CODEWITHSUNDEEP
c++function-call-operator
Peter Trade
Peter Trade

Reputation: 21

overload assignment and round bracket operator in C++

I want to define a class myVector that support both assignment operator= and bracket access e.g myclass(1) = 0.5. See a dummy example below 

class myVector
{
public:
    vector<double> _v;
    myVector(unsigned int size) : _v(size, 0) { }

    double& operator()(int i)
    {
        return _v[i];
    }

    unsigned int size() const { return _v.size(); }

    myVector& operator=(const myVector& v)
    {
        _v.resize(v.size());
        for(int i=0;i<v.size();i++)
            _v[i] = v(i);
    }
}

This code cannot be compiled since () is not defined as a constant function. This is because I want to enable direct assignment such as myvector(1) = 2. To solve this problem, I can only think of two solutions. One is to define sth. like double getValue(int i) const but this seems weird since some duplicate code is added. The other is to remove const from the signature of () function, but that is undesirable as well. I am sure there will be a good work around but I cannot find it.

Upvotes: 2

Views: 5780

Answers (2)

David Rodr&#237;guez - dribeas
David Rodr&#237;guez - dribeas

Reputation: 208323

For the particular case of the operator(), you should just provide two overloads:

double& operator()( int i ) { return _v[i]; }
double operator()( int i ) const { return _v[i]; } // [1]

If this was a templated container, the second overload would return a const&, but given that it is a double, returning a copy is fine.

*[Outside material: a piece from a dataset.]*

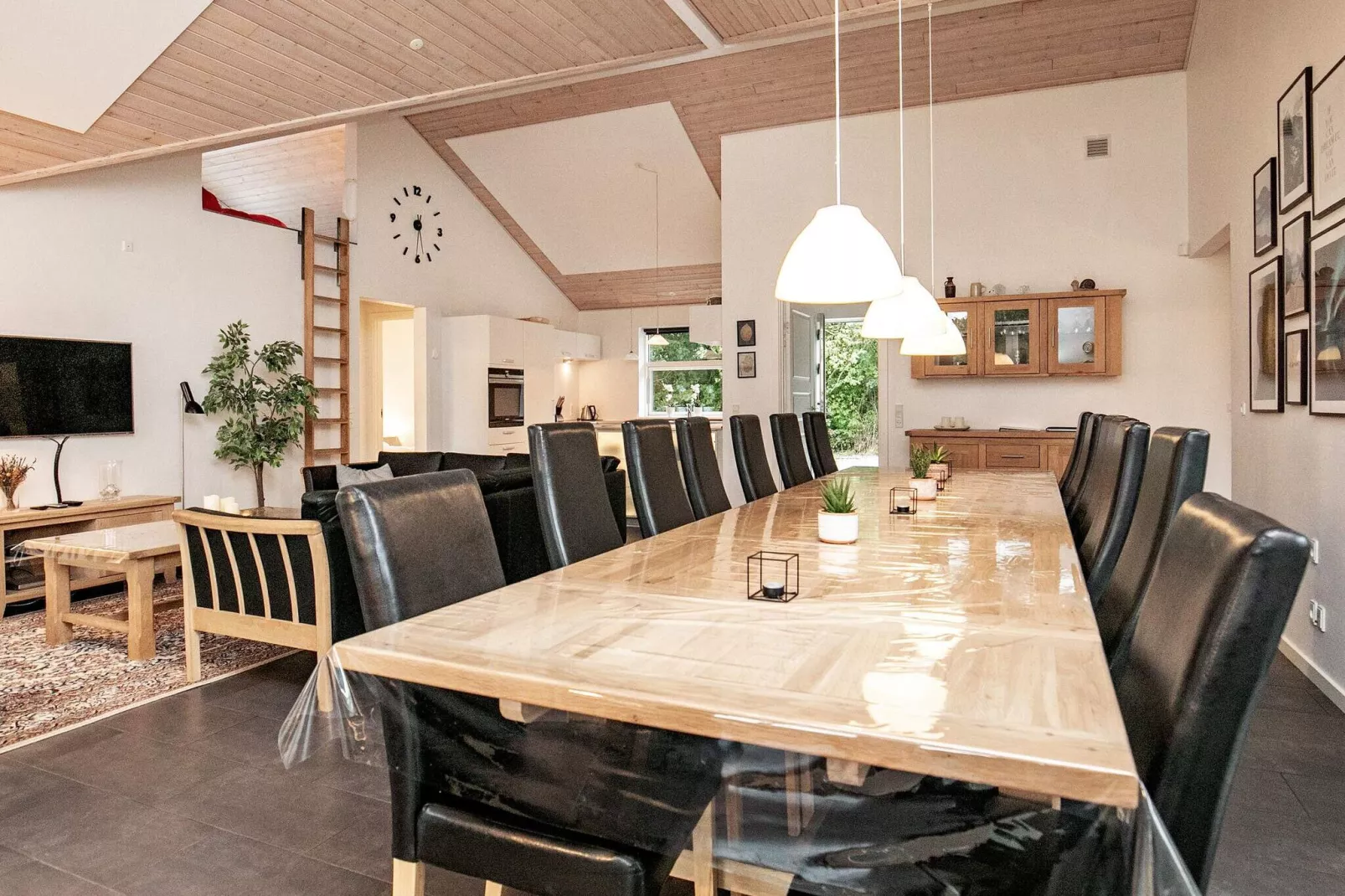 14 persoons vakantie huis in Højslev-Binnen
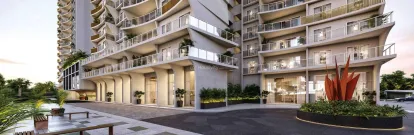 Sorrento Rosette Image 18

Now as a recommendation, you can implement the copy constructor, and then implement a simple swap function:

void myVector::swap( myVector & lhs ) {
   _v.swap( lhs._v );
}

With those two tools in place, then you can use the idiomatic implementation of operator=:

myVector& myVector::operator=( myVector rhs ) { // by value
   swap( *this, rhs );
   return *this;
}

The other thing is that it does not make sense to roll your own loop to copy the vectors, they already know how to do that by themselves, so _v = v._v; has the same effect as your loop.

Upvotes: 0

Ben Voigt
Ben Voigt

Reputation: 283624

The correct solution is "both". Member functions, including operators, can be overloaded on const-ness (the this pointer is effectively a parameter and takes part in overload resolution).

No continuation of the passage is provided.